The final chapter, chapter ten, investigates Antipodean American postmodernism. At its center stand some major literary figures, such as Salman Rushdie, Peter Carey and J. M. Coetzee, all of whom, either by virtue of their own biographies or in their writing, trace transnational circuits. The rewriting of narratives of Australian and American literature and culture is a subject in Thomas Keneally’s novels; astronomy and displacement play an important role in Shirley Hazzard’s The Transit of Venus, where Australasia becomes a “literary method, a way of defamiliarizing encrusted social conventions” (428). For Rushdie, Australasia serves a figure of thought that allows him to experiment with various kinds of multiplicity. In Carey’s works, the experiences of American exile figures are an important topic, and with J. M. Coetzee, a South African who moved to Australia in 2002, parallels become visible between his narrative inversions, his use of antipodean geography and his treatment of US imperialism.
Giles’s extremely readable, knowledgeable and expansive study contributes to ongoing discussions in the field of transnational, transatlantic and hemispheric literary studies in two ways: On the one hand, the example of Australasia allows him to explore and thereby lead to a better understanding of the intersection between post-colonialism and America’s transnationalism, to “trace points of convergence and divergence between these former British colonies” (6). In this regard he expands his own theoretical work on transatlantic American studies (e.g. in Atlantic Republic: The American Tradition in English Literature). Analogies and homologies play as much of a role as forms of vilification and escapism (487). It is qua Australia as America’s colonial other, its “alter ego” (3) and “specter” (5), that a refined understanding of America’s colonial and post-colonial past can be achieved. This is a past that caused discomfort many times, Australasia’s colonial legacy reminding Americans of their own Anglophilia, “the potentially troubling question of a continuing emotional allegiance to the British crown and customs” (176). As Giles argues: “Australasia has formed a shadow self in US national narratives, with the cultural histories of the two countries having long been imbricated within each other” (5).

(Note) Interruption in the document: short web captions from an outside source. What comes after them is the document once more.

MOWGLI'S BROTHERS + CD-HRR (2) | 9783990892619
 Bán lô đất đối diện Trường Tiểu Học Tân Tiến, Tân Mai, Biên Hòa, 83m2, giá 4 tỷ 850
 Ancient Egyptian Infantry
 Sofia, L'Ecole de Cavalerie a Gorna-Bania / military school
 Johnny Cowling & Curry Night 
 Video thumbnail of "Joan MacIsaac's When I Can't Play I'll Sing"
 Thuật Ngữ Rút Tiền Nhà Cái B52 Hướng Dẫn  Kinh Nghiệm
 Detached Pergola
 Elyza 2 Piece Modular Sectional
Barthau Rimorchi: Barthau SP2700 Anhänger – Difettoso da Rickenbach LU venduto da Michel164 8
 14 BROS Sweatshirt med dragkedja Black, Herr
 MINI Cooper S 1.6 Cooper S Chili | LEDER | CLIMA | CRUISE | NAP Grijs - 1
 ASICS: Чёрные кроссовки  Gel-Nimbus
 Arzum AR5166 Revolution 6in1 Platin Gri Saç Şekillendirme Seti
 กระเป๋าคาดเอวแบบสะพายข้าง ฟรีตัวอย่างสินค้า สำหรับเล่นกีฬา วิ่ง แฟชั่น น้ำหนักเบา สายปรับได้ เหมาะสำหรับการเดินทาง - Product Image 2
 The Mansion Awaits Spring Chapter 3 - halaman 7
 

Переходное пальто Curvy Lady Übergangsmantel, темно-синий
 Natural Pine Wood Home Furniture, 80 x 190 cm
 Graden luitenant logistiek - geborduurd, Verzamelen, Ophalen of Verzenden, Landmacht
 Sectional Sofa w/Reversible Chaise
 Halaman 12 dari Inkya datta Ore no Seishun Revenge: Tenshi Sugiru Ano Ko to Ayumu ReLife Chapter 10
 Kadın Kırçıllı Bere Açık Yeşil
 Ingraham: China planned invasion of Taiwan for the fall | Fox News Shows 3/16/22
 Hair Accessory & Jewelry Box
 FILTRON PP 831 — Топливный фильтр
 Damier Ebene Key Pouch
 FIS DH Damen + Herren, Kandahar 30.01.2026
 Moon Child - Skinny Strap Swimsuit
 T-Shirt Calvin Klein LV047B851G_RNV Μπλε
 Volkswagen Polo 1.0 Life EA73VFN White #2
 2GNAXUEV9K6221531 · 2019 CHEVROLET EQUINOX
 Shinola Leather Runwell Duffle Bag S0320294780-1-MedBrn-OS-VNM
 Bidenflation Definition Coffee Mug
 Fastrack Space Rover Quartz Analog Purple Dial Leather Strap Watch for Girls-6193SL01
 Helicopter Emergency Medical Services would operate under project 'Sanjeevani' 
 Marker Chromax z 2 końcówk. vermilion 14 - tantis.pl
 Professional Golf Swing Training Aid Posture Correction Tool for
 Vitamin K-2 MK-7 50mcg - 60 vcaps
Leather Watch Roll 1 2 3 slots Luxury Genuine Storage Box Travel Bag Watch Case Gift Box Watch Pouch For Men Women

The other strength of Antipodean America is its impressively balanced compositional method that is implemented on a number of levels. A mixture of famous and less well-known literary voices; theory, context and close reading; central themes that interconnect the vast temporal span—these are the structural features which, along with Giles’s eloquence, make this book a pleasurable and instructive read. Furthermore, Giles is concerned with enhancing the reader-friendliness of his monograph (counting more than 500 pages) by inserting concise summaries at the end of each sub-chapter (which makes it easier for readers to scan and read the book in parts only). Here, however, lies its only weakness: the claim that antipodean elements very often find stylistic, thematic and formal expression in the shape of inversion, astronomical images and the play with geography results in an inspired approach to the texts. Yet this idea is, at times, excessively used of and thus loses some of its poignancy. Some interpretations along the lines of a ‘bouleversement’ come across as labored and invite the question whether such figures of inversion constitute a sufficient indication of a text’s ‘Australasian’ investments. This minor point of criticism notwithstanding, this book is highly recommendable to scholars and students working in the field of transnational American and postcolonial studies.
 Paul Giles. Atlantic Republic: The American Tradition in English Literature (Oxford: Oxford UP, 2006).